I stopped doing that. As a matter of fact, I stopped talking all together. For six months, I didn’t say a word. I was on strike- oh the horror of the world!
After my attempt in 2010, I remember drunkingly slurring out warnings to friends, “You better leave me now, you’ll see how insane I am soon enough, and then you’ll hate me for it.” It seems I wanted to protect everyone from myself. I feel that I am a parasite to the people I love and care about.
When I entered the real world, aka employment, I never mentioned anything. There have been a few instances in which a person has confided in me about a mental health issue, and I would bring up my past experiences to help them.
I used to think (I still do, sometimes) that by me talking freely about my past and present struggles, I would be able to change the world. I know, that’s a little steep. But I do feel that there’s a large stigma behind mental illness, suicide, even addiction. If I could let it be known, hey, I’ve got a Glitter Rainbow Imagination, maybe then people could talk to me and learn about the reality of it.
For example, I talked openly, perhaps too openly, about my miscarriages. Like I said up there, when I’m coping with a life changing situation, I run around waving my arms, trying to find someone who understands. I was able to help a handful of women in my life. One of them, a cousin of mine, had come to me with a heavy heart; she had lost twins earlier that year. She hadn’t told anyone about it and her husband was less than sympathetic. So, for me, I like to help people.
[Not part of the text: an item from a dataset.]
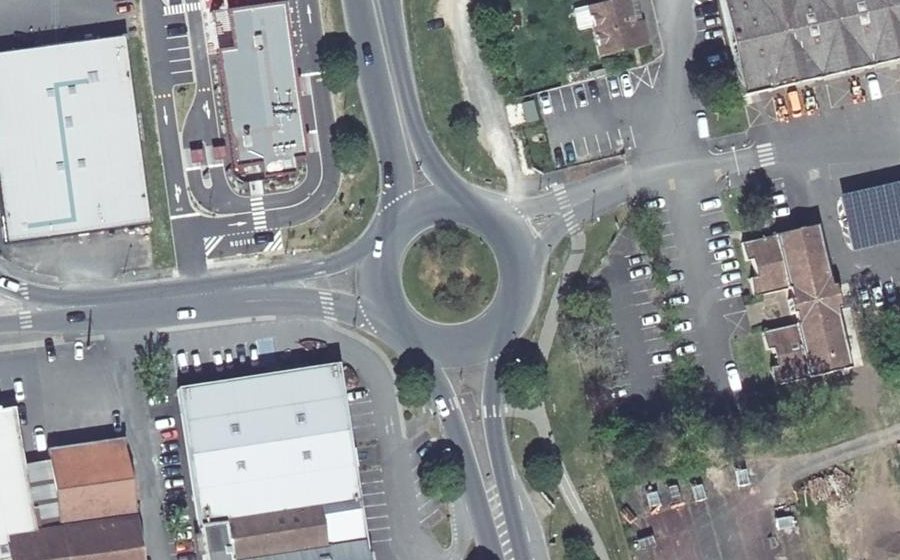 Vue aérienne du Rond-Point La Fontaine du Cot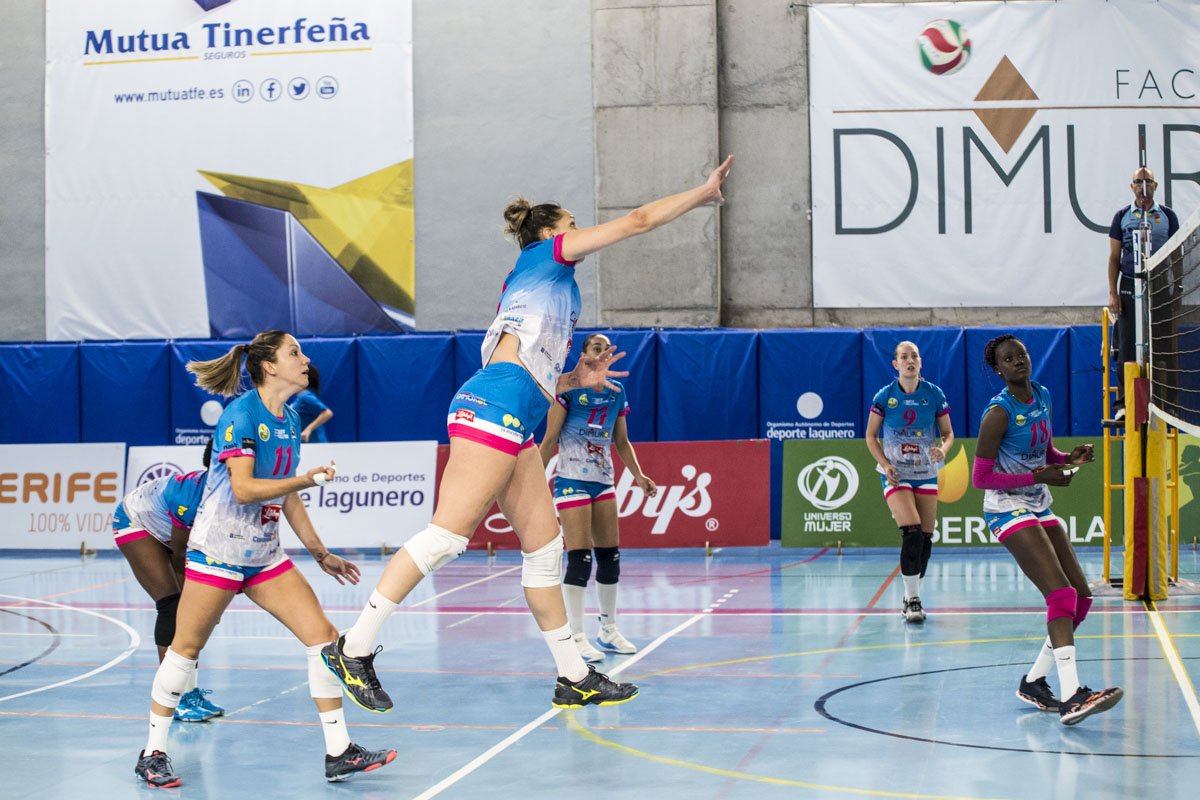 CVHaris's tweet photo. Entrevista 🎙 | 💬 @PatriSuarez_1: “Este año promete mucho”

🔵La jugadora blanquiazul valora el comienzo de la temporada liguera🏐

➕ Lee la entrevista aquí 👇
https://t.co/hKzlW6NEWC https://t.co/L8Mv0FIIjt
It doesn’t always matter about the social consequences, but what matters is making yourself approachable to people that are too scared to come out on their own. Unfortunately, my public announcement of miscarriage was a little too dreary for people, wonder why. If someone asks me, I don’t mind speaking out about it.
No, I don’t talk very openly about bipolar or schizophrenia. There is one person and one person only that I’ve ever talked so freely to. She knows everything from how I’m really feeling each day, to how Allie is feeling, or Micah, or anyone else. Which, by the way, I’ve never talked about them aloud, either. She understands (thank you, love).